Learn how to create a model deployment with compute and load balancer autoscaling configured.

Consider using a custom scaling metric type for setting up autoscaling with more advanced options and metrics on the model deployment.

Ensure that you have added the necessary policy required for autoscaling to work.

You can create and run model deployments using the Console, the OCI CLI, or the Data Science API.

    1. Use the Console to sign in to a tenancy with the necessary policies.
    2. Open the navigation menu and click Analytics & AI. Under Machine Learning, click Data Science.
    3. Select the compartment that contains the project with the model deployments.

      All projects in the compartment are listed.

    4. Click the name of the project.

      The project details page opens and lists the notebook sessions.

    5. Under Resources, click Model deployments.

      A tabular list of model deployments in the project is displayed.

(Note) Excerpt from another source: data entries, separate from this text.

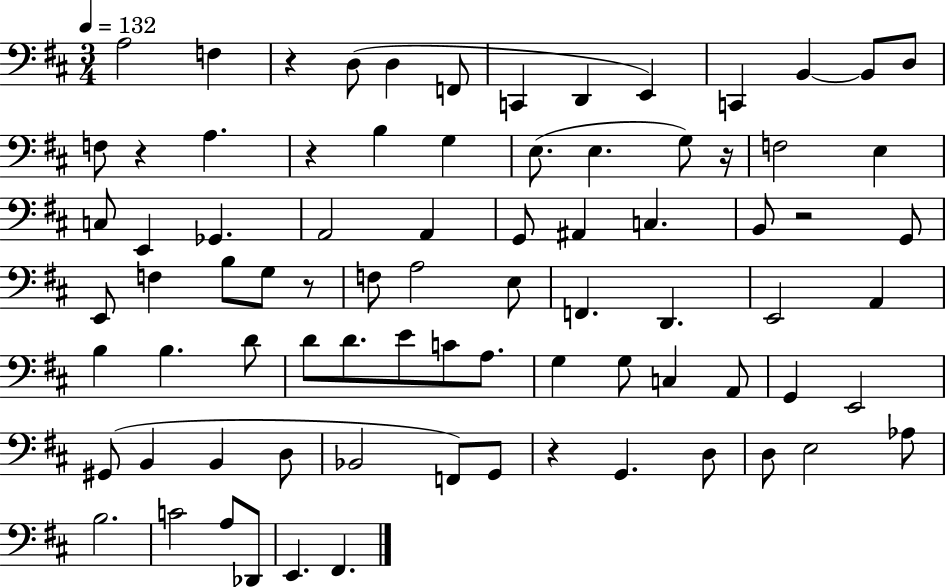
{
  \clef bass
  \numericTimeSignature
  \time 3/4
  \key d \major
  \tempo 4 = 132
  a2 f4 | r4 d8( d4 f,8 | c,4 d,4 e,4) | c,4 b,4~~ b,8 d8 | \break f8 r4 a4. | r4 b4 g4 | e8.( e4. g8) r16 | f2 e4 | \break c8 e,4 ges,4. | a,2 a,4 | g,8 ais,4 c4. | b,8 r2 g,8 | \break e,8 f4 b8 g8 r8 | f8 a2 e8 | f,4. d,4. | e,2 a,4 | \break b4 b4. d'8 | d'8 d'8. e'8 c'8 a8. | g4 g8 c4 a,8 | g,4 e,2 | \break gis,8( b,4 b,4 d8 | bes,2 f,8) g,8 | r4 g,4. d8 | d8 e2 aes8 | \break b2. | c'2 a8 des,8 | e,4. fis,4. | \bar "|."
}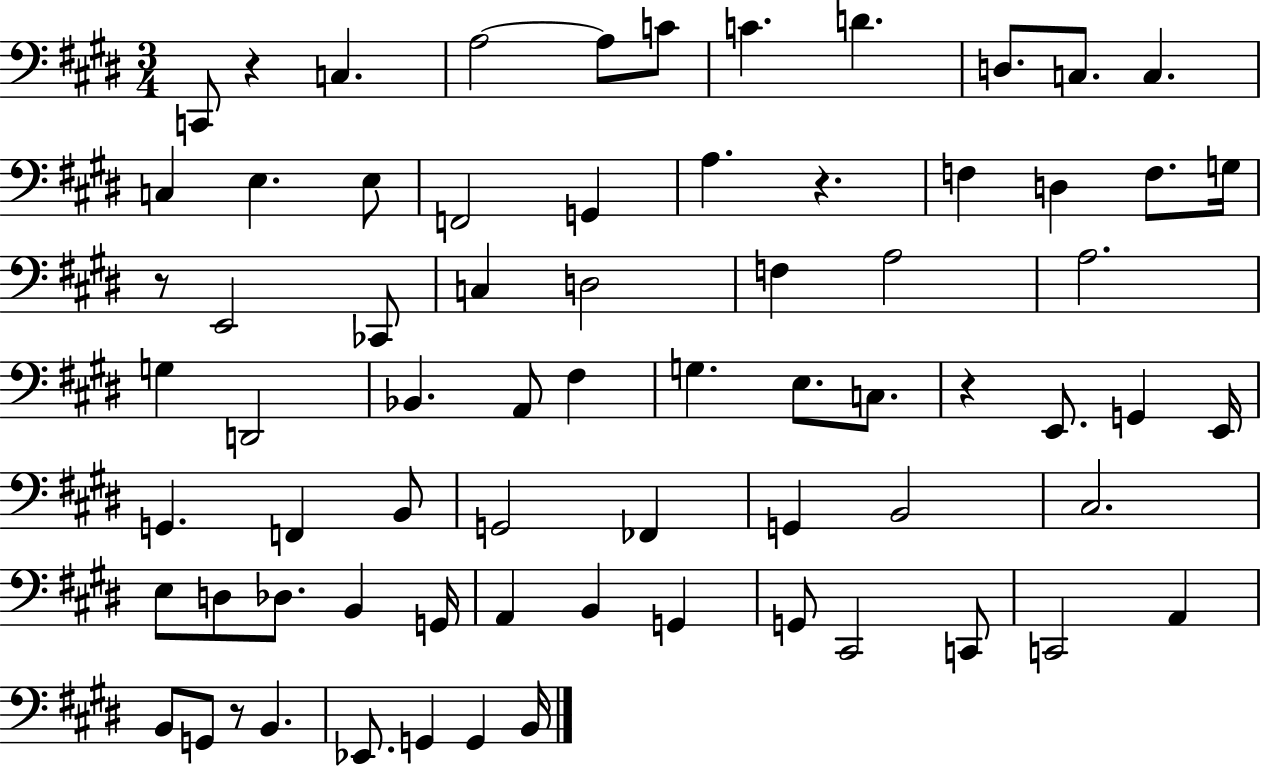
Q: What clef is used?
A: bass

    6. Click Create Model Deployment.
    7. Follow the steps in Creating a Model Deployment to configure the model deployment.
    8. Under Autoscaling configuration, select Enable autoscaling.
      Several lists and fields are displayed to let you configure the autoscaling.
    9. (Optional) Update the values in each list or field as appropriate for the configuration.
    10. (Optional) To autoscale the load balancer, click Show advanced options.
      Set the value of maximum bandwidth to be more than the minimum bandwidth value, and no more than twice the minimum bandwidth value.
    11. Click Create.
  • Use the oci data-science model-deployment create command and required parameters to create a model deployment:

    oci data-science model-deployment create --required-param-name variable-name ... [OPTIONS]
    For example, create a deployment with:
    oci data-science model-deployment create \
    --compartment-id <MODEL_DEPLOYMENT_COMPARTMENT_OCID> \
    --model-deployment-configuration-details file://<MODEL_DEPLOYMENT_CONFIGURATION_FILE> \
    --project-id <PROJECT_OCID> \
    --display-name <MODEL_DEPLOYMENT_NAME>
    Use this model deployment JSON configuration file with this example:
    {
      "deploymentType": "SINGLE_MODEL",
      "modelConfigurationDetails": {
        "modelId": "ocid1.datasciencemodel....",
        "instanceConfiguration": {
          "instanceShapeName": "VM.Standard.E4.Flex",
          "modelDeploymentInstanceShapeConfigDetails": {
            "ocpus": 1,
            "memoryInGBs": 16
          }
        },
        "scalingPolicy": {
          "policyType": "AUTOSCALING",
          "coolDownInSeconds": 600,
          "isEnabled": true,
          "autoScalingPolicies": [
            {
              "autoScalingPolicyType": "THRESHOLD",
              "initialInstanceCount": 1,
              "maximumInstanceCount": 2,
              "minimumInstanceCount": 1,
              "rules": [
                {
                  "metricExpressionRuleType": "PREDEFINED_EXPRESSION",
                  "metricType": "CPU_UTILIZATION",
                  "scaleInConfiguration": {
                    "scalingConfigurationType": "THRESHOLD",
                    "threshold": "10"
                  },
                  "scaleOutConfiguration": {
                    "scalingConfigurationType": "THRESHOLD",
                    "threshold": "65"
                  }
                }
              ]
            }
          ]
        },
        "bandwidthMbps": 10,
        "maximumBandwidthMbps": 20
      }
    }

    For a complete list of parameters and values for CLI commands, see the CLI Command Reference.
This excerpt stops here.